Dilansir dari CGTN, otoritas Kazakhstan mengonfirmasi bahwa kondisi di seantero negeri telah berangsur kondusif, namun operasi anti-teroris akan tetap berlanjut di sejumlah wilayah.
"Teroris" dan "bandit" merupakan istilah yang dipakai otoritas Kazakhstan terhadap sekelompok orang yang dinilai memicu terjadinya kerusuhan.
Selasa kemarin, Kementerian Kesehatan Kazakhstan mengonfirmasi bahwa total kematian sepanjang kerusuhan menyentuh angka 227, dengan korban luka melampaui 4.500 orang.
Serik Shalabayev, kepala layanan kejaksaan kriminal Kazakhstan, mengatakan bahwa dari total kematian tersebut, 19 di antaranya adalah polisi. "Sayangnya, ada juga warga sipil yang menjadi korban aksi teroris ini," tutur Shalabayev.
Sebagian korban dikabarkan meninggal setelah sempat menjalani perawatan intensif. Selama kerusuhan, aparat keamanan telah menahan 446 orang di bawah tuduhan aksi kriminal.
Kerusuhan Kazakhstan dimulai dengan aksi protes menentang kenaikan harga bahan bakar pada 2 Januari. Namun demonstrasi itu kemudian meluas menjadi penentangan menyeluruh terhadap pemerintah Kazakhstan yang dipimpin Presiden Kassym-Jomart Tokayev.
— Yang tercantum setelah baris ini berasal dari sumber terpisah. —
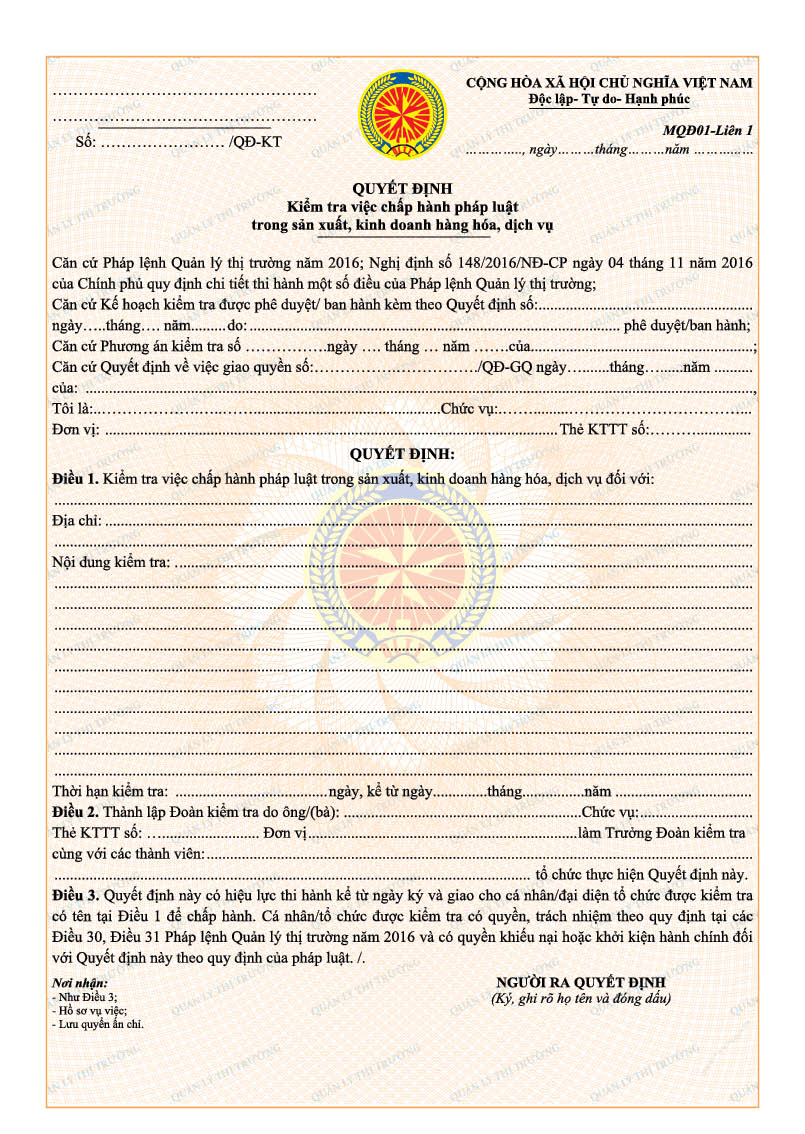 Thông tư 08/2018/TT-BCT của Bộ Công Thương về việc sửa đổi, bổ sung quy định về mẫu biên bản, quyết định sử dụng trong hoạt động kiểm tra và xử lý vi phạm hành chính của Quản lý thị trường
Baca: Presiden Kazakhstan Labeli Kerusuhan di Negaranya Sebagai Percobaan Kudeta
Untuk meredam kerusuhan, Tokayev meminta bantuan Organisasi Perjanjian Keamanan Kolektif, sebuah blok pimpinan Rusia. Pasukan penjaga perdamaian Rusia pun datang dan membantu menangani kerusuhan di Kazakhstan.
Setelah situasi mulai kondusif, pasukan Rusia secara berkala meninggalkan Kazakhstan. Penarikan ini mematahkan kekhawatiran Amerika Serikat yang menyebut pasukan Rusia akan sulit untuk meninggalkan negara asing yang didatanginya.
Pernyataan tersebut sempat membuat Moskow geram.